(Extracted data Opens)

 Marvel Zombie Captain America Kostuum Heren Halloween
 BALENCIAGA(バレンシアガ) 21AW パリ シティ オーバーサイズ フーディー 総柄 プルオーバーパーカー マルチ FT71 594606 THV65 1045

(Extracted data Closes)
(Extracted data Opens)

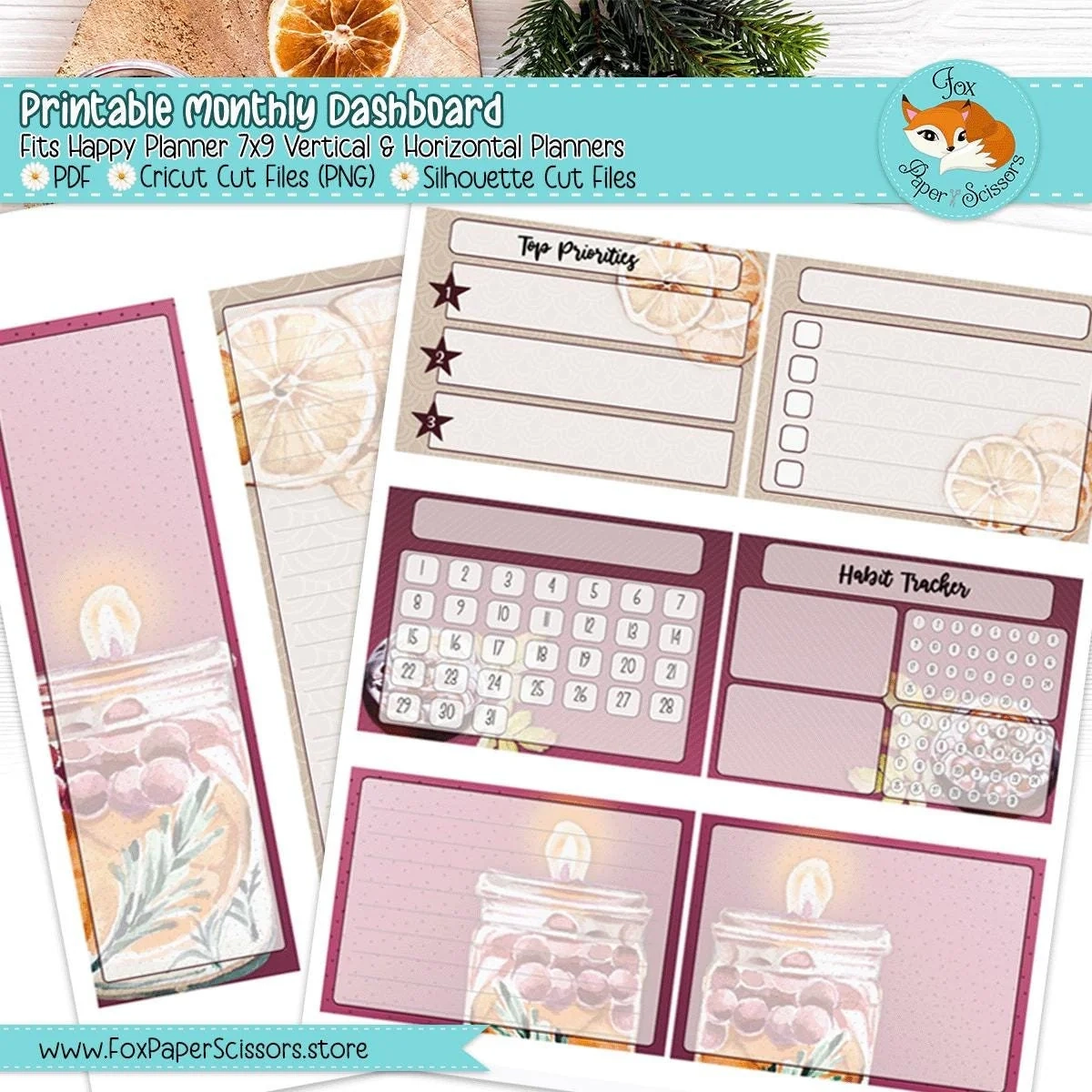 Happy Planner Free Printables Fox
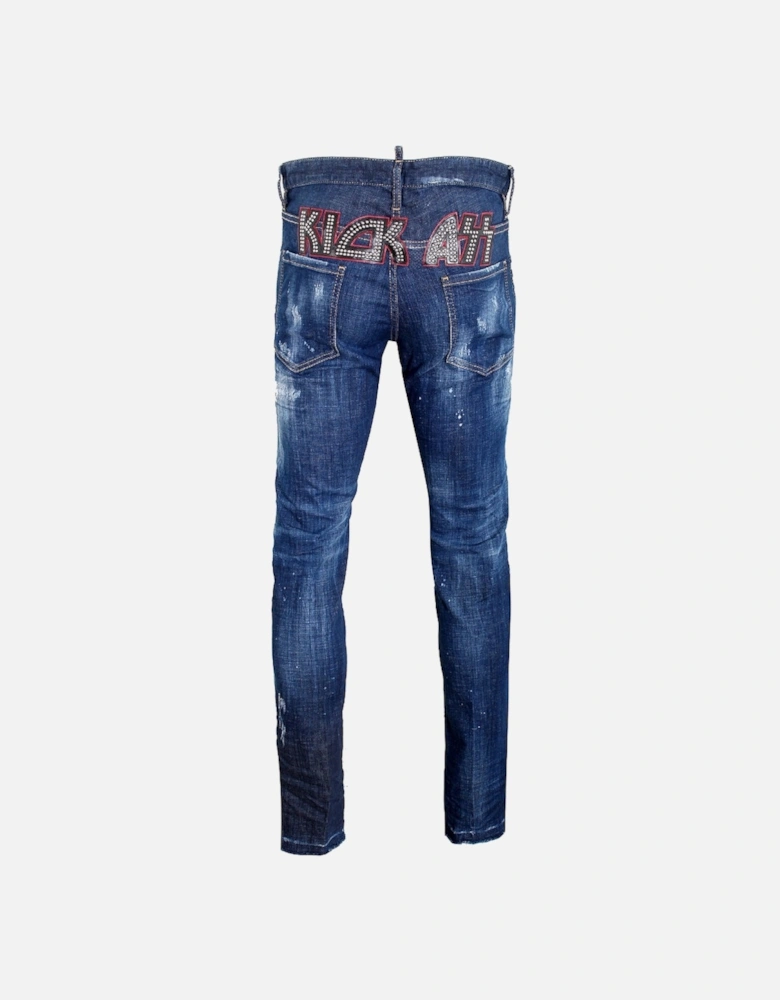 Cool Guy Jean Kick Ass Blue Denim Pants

(Extracted data Closes)

Directions
Which lines run from the one holding "Marvel Zombie Captain" through the one holding "BALENCIAGA(バレンシアガ) 21AW パリ" in the records above? Repeat them exactly, both included, and nothing more.

Answer space
 Marvel Zombie Captain America Kostuum Heren Halloween
 BALENCIAGA(バレンシアガ) 21AW パリ シティ オーバーサイズ フーディー 総柄 プルオーバーパーカー マルチ FT71 594606 THV65 1045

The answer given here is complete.